Prof. Dr. Haydar Sur, çalışmaların şiddet türlerinin en fazla erkek hasta yakınları tarafından gerçekleştirildiğini belirterek genel olarak sözel şiddete uğramada kadınların, fiziksel şiddete uğramada erkeklerin hem sözel hem fiziksel şiddete uğramada yine kadınların ve meslek olarak da hemşirelerin daha riskli gruplar olduğunu kaydetti. Sur, “Sağlık hizmetlerinde şiddeti anlamaya yönelik normatif yaklaşımlar yetersiz kalmakta ve sorgulanmaktadır. Ne ölçüde ve ne sebeple olursa olsun, sağlık hizmetlerinde şiddet kabul edilemez. Ancak bütün dünyada sağlıkta şiddetin varlığı da bir gerçektir. Sözgelişi, hemşirelik, dünyada polis memurlarının ardından en fazla şiddet riski altında olan ikinci meslek olarak kabul edilmektedir. Hekimlik de son dönemlerde hemşirelik kadar riskli hale gelmiştir” diye konuştu.

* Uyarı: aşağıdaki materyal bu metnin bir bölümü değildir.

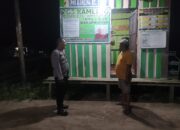 Wujudkan Harkamtibmas Polsek Baamang Gelar Kegiatan Sambang Satkamling di Wilayah Kec. Baamang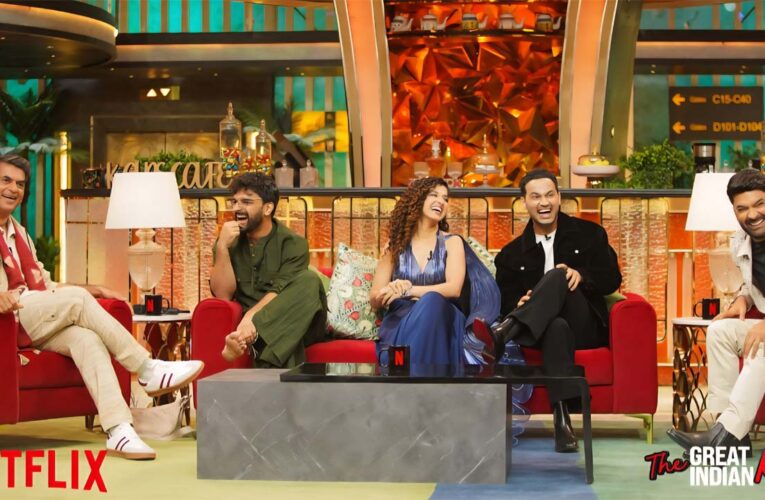 Saurabh Dwivedi, Samdish, Kamiya Jani, and Raj Shamani visit The Great Indian Kapil Show!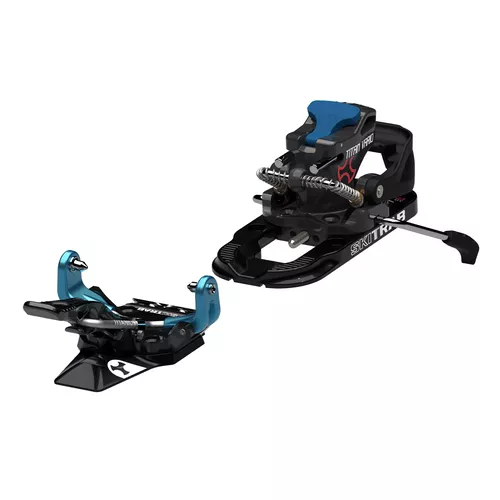 Legaturi schi tura Skitrab TITAN VARIO.2 blu Rental + Stopper
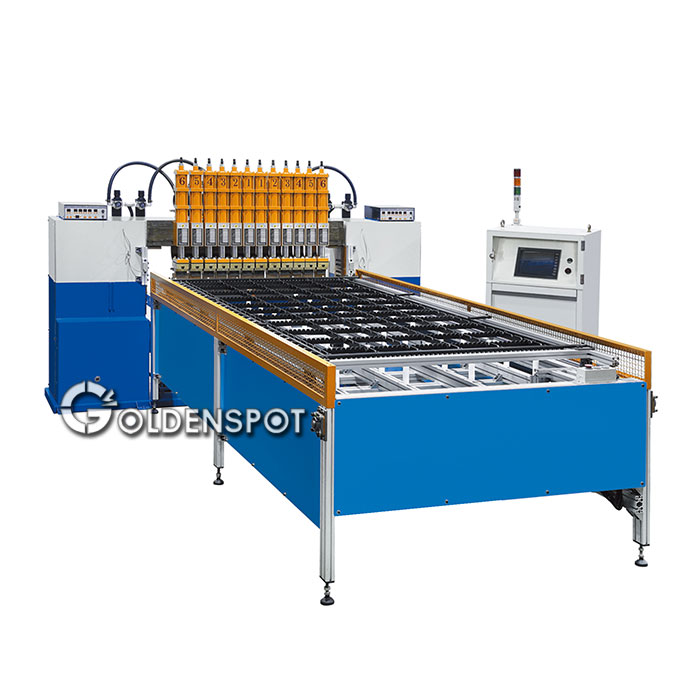 Single-layer Multi-Point Spot Welding Machine-SA-1500DD-1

ŞİDDET ORANINDA CİDDİ ARTIŞ VAR
Şiddet oranındaki artışa da dikkat çeken Prof. Dr. Haydar Sur, şunları söyledi: “Türkiye’de 2009 yılı ve öncesi yüzde 21,2 olan sağlık görevlilerinin şiddet görme oranları, 2020 yılının ilk yarısında yüzde 54,9 olarak kayıtlara geçmiştir. Sağlık çalışanlarının yüzde 94,3’ünün mesleğini icra ederken çalışma hayatı boyunca en az bir kez sözlü ya da fiziksel şiddete maruz kaldığı tespit edilmiştir. Şiddete maruz kalan sağlık çalışanlarının yüzde 59,8’u 10 defa veya daha fazla, yüzde 21,6’sı ise 5-10 defa şiddet gördüğünü belirtmektedir. Mesleklerini icra ederken sağlık çalışanlarına uygulanan sözlü şiddet yüzde 62,7; hem sözlü hem fiziksel şiddet yüzde 35,9 oranındadır. Güvenlik güçlerinin yaşadıkları ayrı tutulursa, sağlık kuruluşları diğer iş yerlerine göre şiddete uğrama yönünden 16 kat daha riskli bulunmuştur.”